Tyron Frampton veut nous dire ce qui va mal en Grande-Bretagne. Et pour souligner le propos, il a tenu à ce que son album sorte le jour du Brexit, le 29 mars 2019. Depuis, la sortie du royaume de l'UE a été repoussée, et celle de Nothing Great About Britain, le successeur très attendu au EP RUNT, l'a été aussi. Les deux ne coïncideront pas. Mais l'essentiel est là : c'est bel et bien un état des lieux de son pays que nous propose ce rappeur qui, à cause de ses absences et de ses bredouillements, a été baptisé Slow Ty, ou Slowthai.
Cet Anglais d'origine irlandaise et barbadienne a grandi dans les logements sociaux de Northampton, soit à l'écart de tout, dans une ville qui a voté pour quitter l'Europe. La famille même de Slowthai n'a pas traversé que des moments faciles. Sa mère l'a eu alors qu'elle était adolescente, son père les a abandonnés et son frère Michael est mort à un an, infligeant au jeune Tyron son grand traumatisme d'enfance.
Ce passé, il en rend compte sur les titres les plus personnels de Nothing Great About Britain, comme "Gorgeous", et puis surtout "Northampton’s Child", le compte-rendu d'une jeunesse marquée par la pauvreté, la drogue et les trahisons, tout autant qu'un hommage très appuyé à sa mère.

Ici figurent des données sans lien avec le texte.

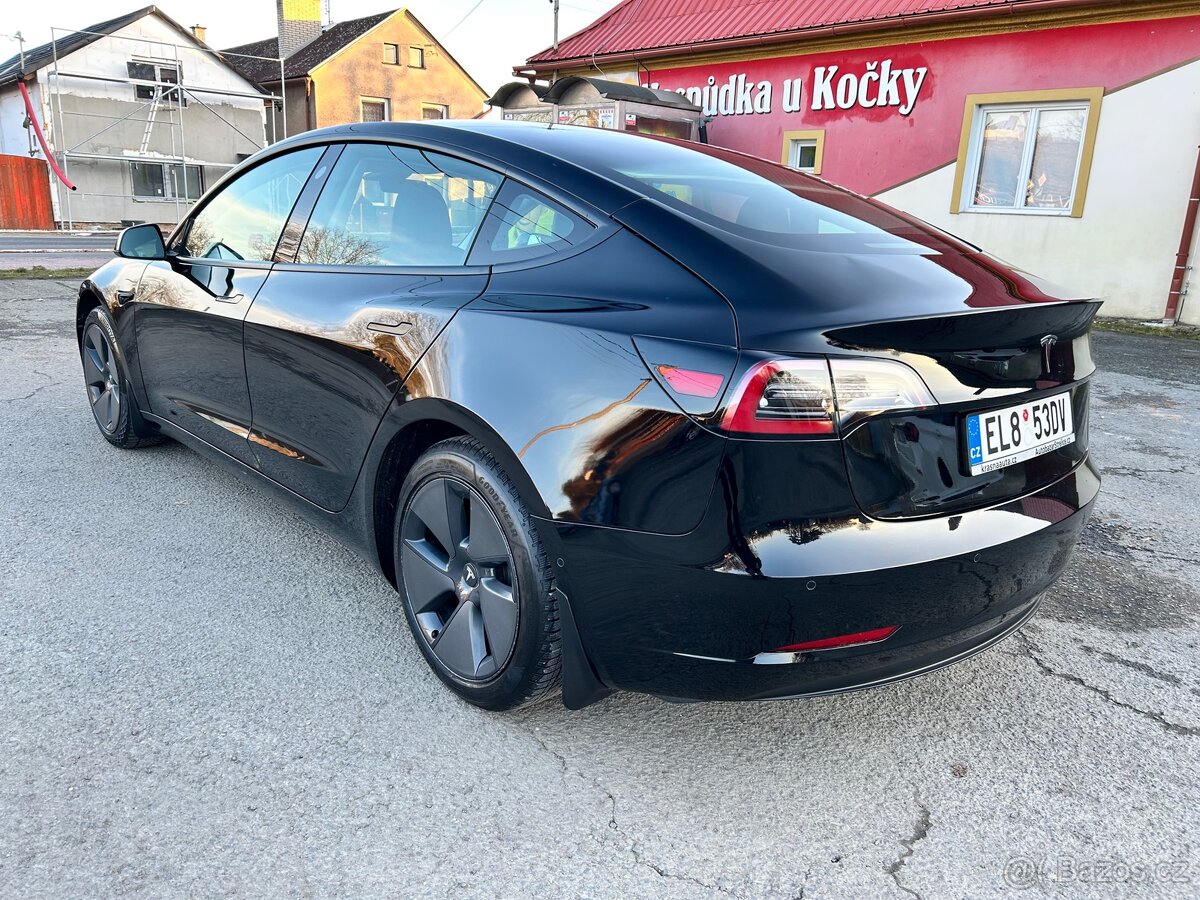 TESLA MODEL 3 SR+ 110.500 km refresh matrix světla - 13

Le rappeur parle de ses états d'âme sur un "Missing" en crescendo, l'un des meilleurs titres de l'album. Mais à travers son cas, il parle aussi de son milieu. Il est question de gens esseulés et de relations sociales au point mort sur "Dead Leaves". Sur "Toaster" il déclare sa défiance envers les autorités, voire envers la société toute entière. Et même les romances mollassonnes que contient l'album, notamment "Crack", sentent les bas-fonds de la société britannique. En fait, Slowthai s'inscrit dans une longue tradition anglaise, celle qui a enfanté Ray Davies, Terry Hall, Damon Albarn et Mike Skinner : celle du commentateur social à l'ironie douce-amère.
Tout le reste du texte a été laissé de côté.